Huang B E, Amos C I, Lin D Y
Department of Biostatistics, University of North Carolina, North Carolina 27599-7420, USA.
Genet Epidemiol. 2007 Dec;31(8):803-12. doi: 10.1002/gepi.20242.
The analysis of genomewide association studies requires methods that are both computationally feasible and statistically powerful. Given the large-scale collection of single nucleotide polymorphisms (SNPs), it is desirable to explore the information contained in their interrelationships. In particular, utilizing haplotypes rather than individual SNPs and accounting for correlations of polymorphisms in adjustment for multiple testing can lead to increased power. We present a statistically powerful and numerically efficient method based on sliding windows of adjacent SNPs to detect haplotype-disease association in genomewide studies. This method consists of an efficient algorithm to calculate a proper likelihood-ratio statistic for any given window of SNPs, along with an accurate and efficient Monte Carlo procedure to adjust for multiple testing. Simulation studies using the HapMap data showed that the proposed method performs well in realistic situations. We applied the new method to a case-control study on rheumatoid arthritis and identified several loci worthy of further investigations.

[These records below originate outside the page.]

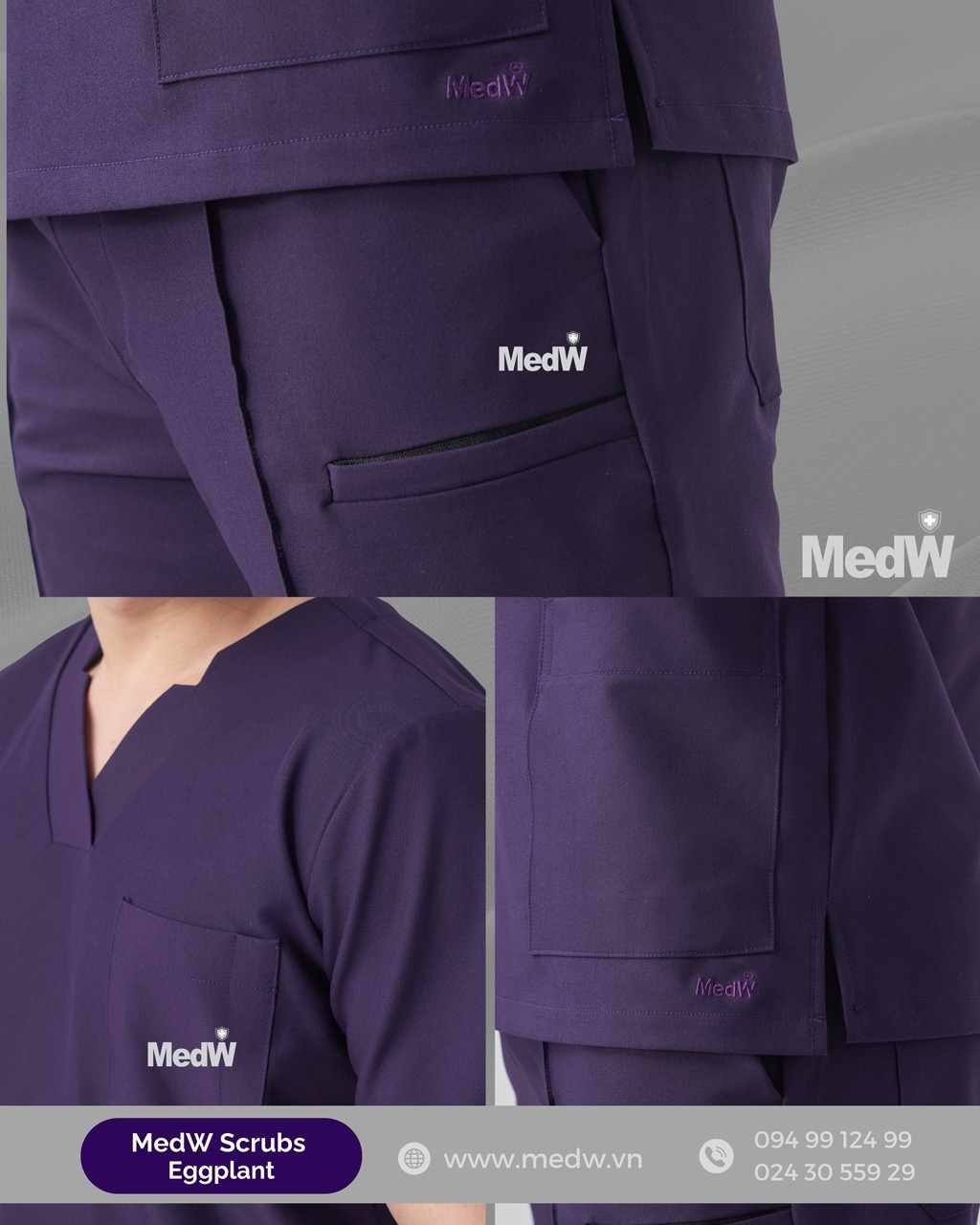 MedW Apollo Scrubs Y Tế Eggplant (Nam) Tím Cà Đậm Bộ Trang Phục Y Tế Bác Sĩ, Điều Dưỡng Phòng Khám Bệnh Viện Thẩm Mỹ Nha KHoa Da Liễu Vật Liệu Y Tế Cotton Xếp Ly Giữ Dáng. Thêu Tên Logo Thương Hiệu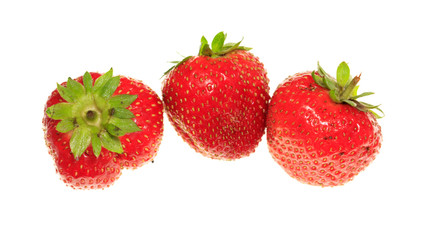 Ripe red strawberry on a white background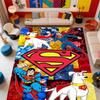 Superman superhero logo rug, suitable for bedrooms, living rooms, and home sofa decoration; large children's decorative floor
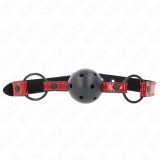 Kink Collar &amp; Gag-Gag Bilă din Leatherette Lucios 4.5 cm - Curea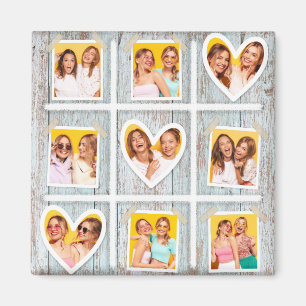 Aimant 9 Photo Collage Rustic Wood Hearts Meilleurs amis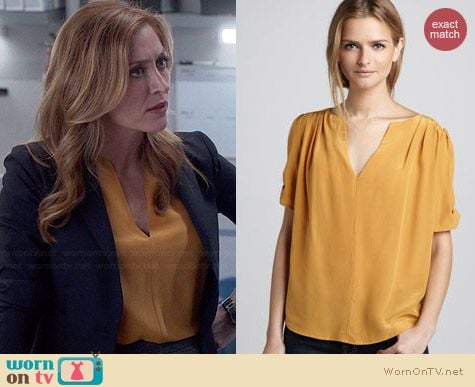 Joie Amone Blouse in Yellow worn by Sasha Alexander on Rizzoli & Isles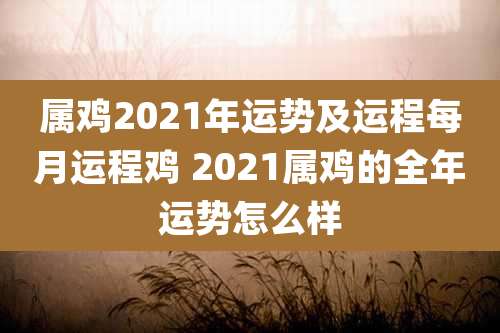 属鸡2021年运势及运程每月运程鸡 2021属鸡的全年运势怎么样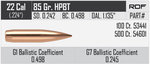 Nosler RDF 22 85 gr/5,5 g HPBT  100 kpl
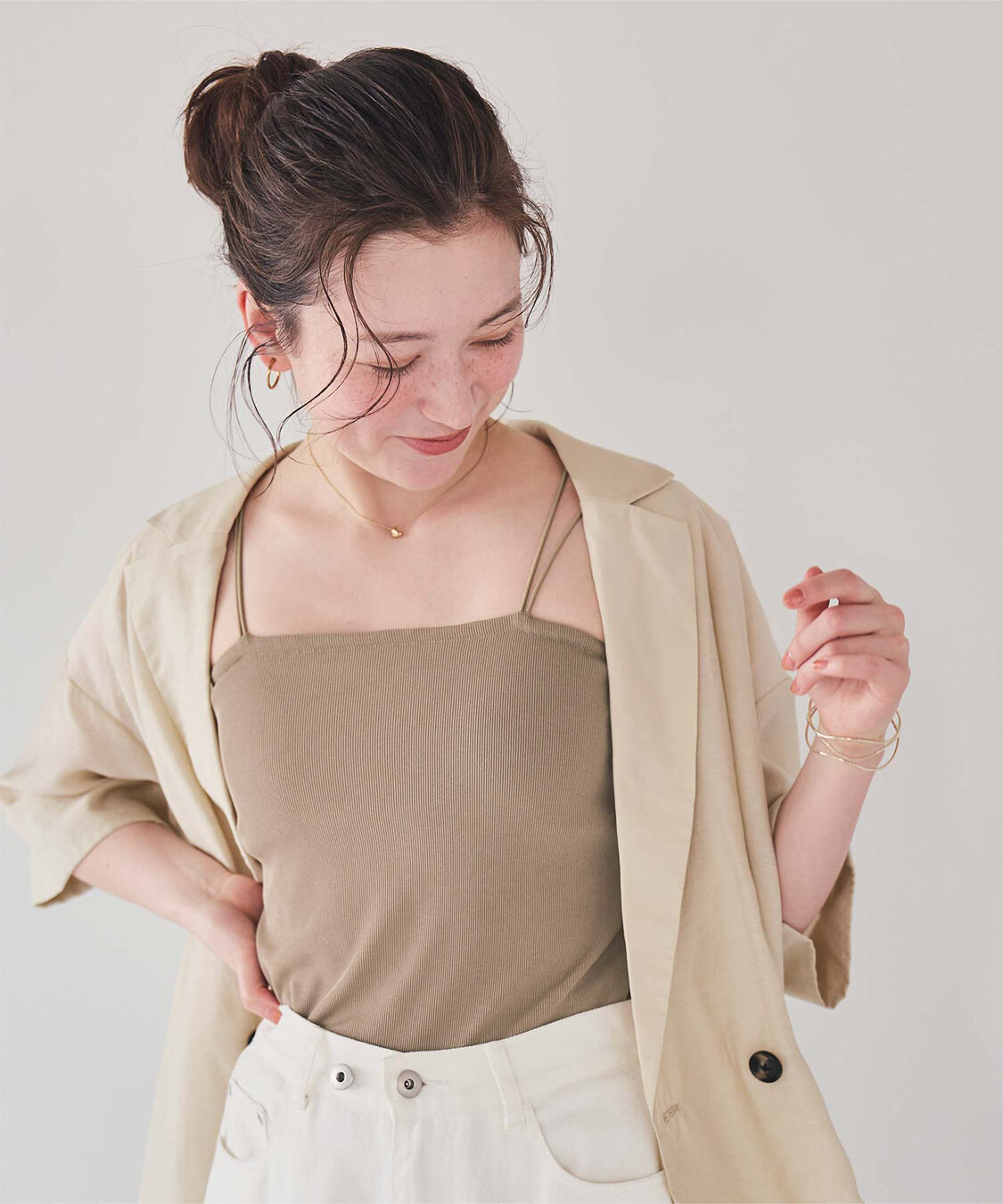 titivate「カップ付きダブルストラップキャミソール」|キャミソール|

全基因组关联研究的分析需要计算上可行且统计效力强大的方法。鉴于单核苷酸多态性(SNP)的大规模收集,探索其相互关系中包含的信息是很有必要的。特别是,利用单倍型而非单个SNP,并在多重检验校正中考虑多态性的相关性,可提高检验效能。我们提出了一种基于相邻SNP滑动窗口的统计效力强大且数值高效的方法,用于在全基因组研究中检测单倍型与疾病的关联。该方法包括一个高效算法,用于为任何给定的SNP窗口计算适当的似然比统计量,以及一个准确高效的蒙特卡罗程序,用于校正多重检验。使用HapMap数据进行的模拟研究表明,所提出的方法在实际情况下表现良好。我们将新方法应用于一项类风湿性关节炎的病例对照研究,并确定了几个值得进一步研究的基因座。